TASK INSTRUCTIONS: Without changing a character, return the entries, but not the images they hold.

RECORDED DATA:
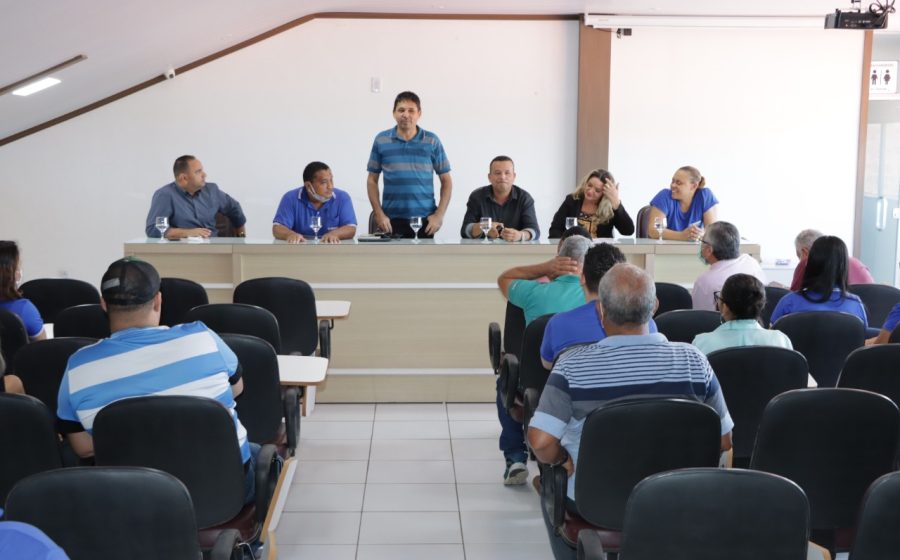 Sinproesemma distribui novos fardamentos para colaboradores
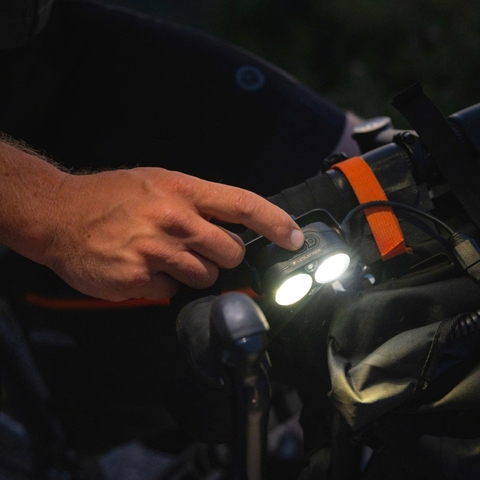 Đèn pin đội đầu LEDLENSER H7R Signature sáng 1.200 lumen, điều khiển Bluetooth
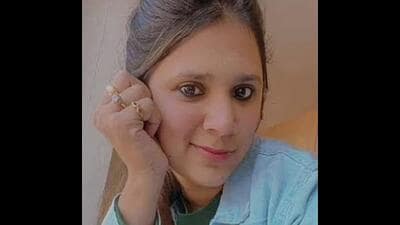 On September 5, 2022, Satpreet Singh Gandhi, 37, killed 32-year-old Harleen Kaur Satpreet Gandhi with a single stab wound to her upper chest using a kitchen knife in her flat on Victoria Road, Headingley. (HT PHOTO) On September 5, 2022, Satpreet Singh Gandhi, 37, killed 32-year-old Harleen Kaur Satpreet Gandhi with a single stab wound to her upper chest using a kitchen knife in her flat on Victoria Road, Headingley. (HT PHOTO)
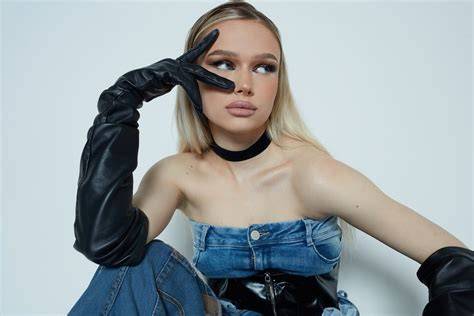 Eva Timush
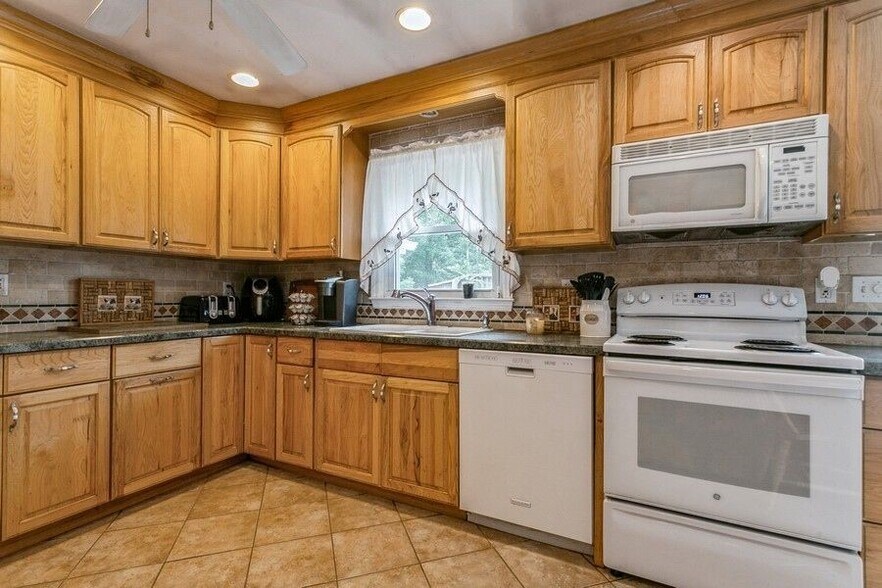 More Photos Of 109-111 N Cross Rd, Lagrangeville Veterinarian Kennel For Sale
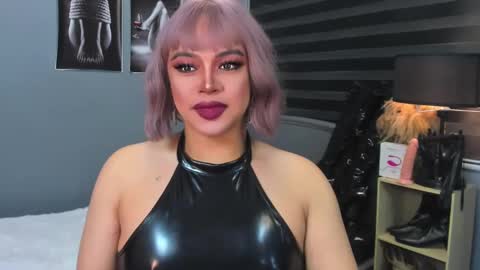 Snapshot of amazingfatcock_ts chatting on December 9, 2024, 9:49 am MISS JAZMINE QUEEN OF HELLFIRE online show from December 9, 2024, 9:49 am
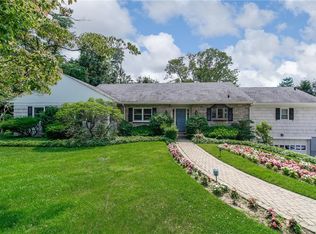 315 Underhill Rd, Scarsdale, NY 10583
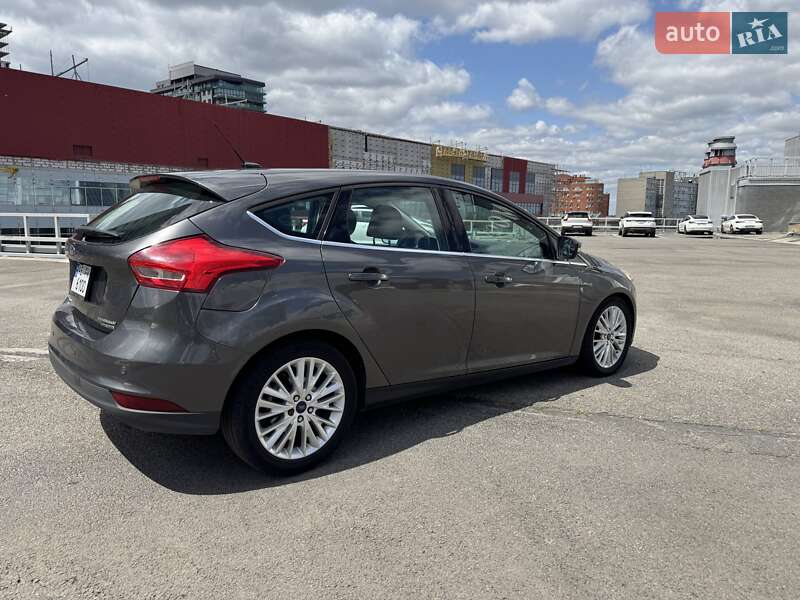 Хэтчбек Ford Focus 2015 в Днепре
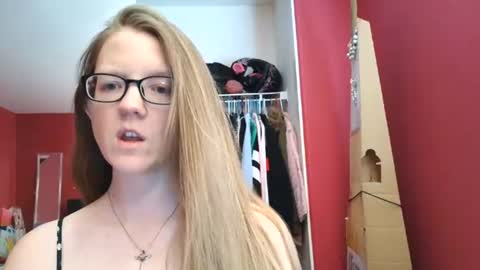 Snapshot of angelicangel3 chatting on 07-15-26, 08:36 AngelicAngel online show from 07-15-26, 08:36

ANSWER AREA:
 Sinproesemma distribui novos fardamentos para colaboradores
 Đèn pin đội đầu LEDLENSER H7R Signature sáng 1.200 lumen, điều khiển Bluetooth
 On September 5, 2022, Satpreet Singh Gandhi, 37, killed 32-year-old Harleen Kaur Satpreet Gandhi with a single stab wound to her upper chest using a kitchen knife in her flat on Victoria Road, Headingley. (HT PHOTO) On September 5, 2022, Satpreet Singh Gandhi, 37, killed 32-year-old Harleen Kaur Satpreet Gandhi with a single stab wound to her upper chest using a kitchen knife in her flat on Victoria Road, Headingley. (HT PHOTO)
 Eva Timush
 More Photos Of 109-111 N Cross Rd, Lagrangeville Veterinarian Kennel For Sale
 Snapshot of amazingfatcock_ts chatting on December 9, 2024, 9:49 am MISS JAZMINE QUEEN OF HELLFIRE online show from December 9, 2024, 9:49 am
 315 Underhill Rd, Scarsdale, NY 10583
 Хэтчбек Ford Focus 2015 в Днепре
 Snapshot of angelicangel3 chatting on 07-15-26, 08:36 AngelicAngel online show from 07-15-26, 08:36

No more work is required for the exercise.